_Provided records_:
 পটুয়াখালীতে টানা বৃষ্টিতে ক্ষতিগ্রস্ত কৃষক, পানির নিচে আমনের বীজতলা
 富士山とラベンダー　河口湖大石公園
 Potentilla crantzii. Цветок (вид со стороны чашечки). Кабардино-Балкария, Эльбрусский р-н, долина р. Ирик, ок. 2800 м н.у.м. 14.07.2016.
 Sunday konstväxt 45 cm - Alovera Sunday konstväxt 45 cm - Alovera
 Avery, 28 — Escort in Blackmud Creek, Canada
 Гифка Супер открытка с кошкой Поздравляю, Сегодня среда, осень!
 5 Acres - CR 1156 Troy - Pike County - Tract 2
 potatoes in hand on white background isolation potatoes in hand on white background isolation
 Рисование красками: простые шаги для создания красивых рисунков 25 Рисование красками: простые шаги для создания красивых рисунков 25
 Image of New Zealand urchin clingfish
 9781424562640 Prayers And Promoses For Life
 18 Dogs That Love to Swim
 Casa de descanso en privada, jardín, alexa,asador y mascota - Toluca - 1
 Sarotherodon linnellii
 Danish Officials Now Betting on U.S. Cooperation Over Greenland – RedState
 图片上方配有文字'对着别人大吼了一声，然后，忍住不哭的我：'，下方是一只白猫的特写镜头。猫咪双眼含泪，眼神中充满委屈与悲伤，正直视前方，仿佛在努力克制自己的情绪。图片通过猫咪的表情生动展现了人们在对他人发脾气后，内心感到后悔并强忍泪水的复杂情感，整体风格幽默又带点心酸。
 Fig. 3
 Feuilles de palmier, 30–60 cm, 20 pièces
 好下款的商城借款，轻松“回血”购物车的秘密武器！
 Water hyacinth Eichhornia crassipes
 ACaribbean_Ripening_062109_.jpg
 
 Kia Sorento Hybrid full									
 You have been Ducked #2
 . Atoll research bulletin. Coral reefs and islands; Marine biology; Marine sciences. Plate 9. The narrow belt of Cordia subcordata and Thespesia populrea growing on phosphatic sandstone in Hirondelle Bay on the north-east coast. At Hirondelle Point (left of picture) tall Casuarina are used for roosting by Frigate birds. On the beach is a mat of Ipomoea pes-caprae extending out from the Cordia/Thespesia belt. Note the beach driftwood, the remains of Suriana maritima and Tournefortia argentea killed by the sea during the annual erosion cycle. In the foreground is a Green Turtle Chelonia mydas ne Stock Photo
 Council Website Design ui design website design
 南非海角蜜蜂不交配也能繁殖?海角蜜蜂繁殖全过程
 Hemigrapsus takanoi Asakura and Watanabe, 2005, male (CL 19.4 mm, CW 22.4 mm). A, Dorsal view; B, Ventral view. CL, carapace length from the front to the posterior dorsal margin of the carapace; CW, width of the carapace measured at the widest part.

_Instructions to follow_: From the opening line of the data above, please print each line as written up to and including the line that contains "potatoes in hand on white background isolation potatoes", and nothing more.

_Solution for this exercise_:
 পটুয়াখালীতে টানা বৃষ্টিতে ক্ষতিগ্রস্ত কৃষক, পানির নিচে আমনের বীজতলা
 富士山とラベンダー　河口湖大石公園
 Potentilla crantzii. Цветок (вид со стороны чашечки). Кабардино-Балкария, Эльбрусский р-н, долина р. Ирик, ок. 2800 м н.у.м. 14.07.2016.
 Sunday konstväxt 45 cm - Alovera Sunday konstväxt 45 cm - Alovera
 Avery, 28 — Escort in Blackmud Creek, Canada
 Гифка Супер открытка с кошкой Поздравляю, Сегодня среда, осень!
 5 Acres - CR 1156 Troy - Pike County - Tract 2
 potatoes in hand on white background isolation potatoes in hand on white background isolation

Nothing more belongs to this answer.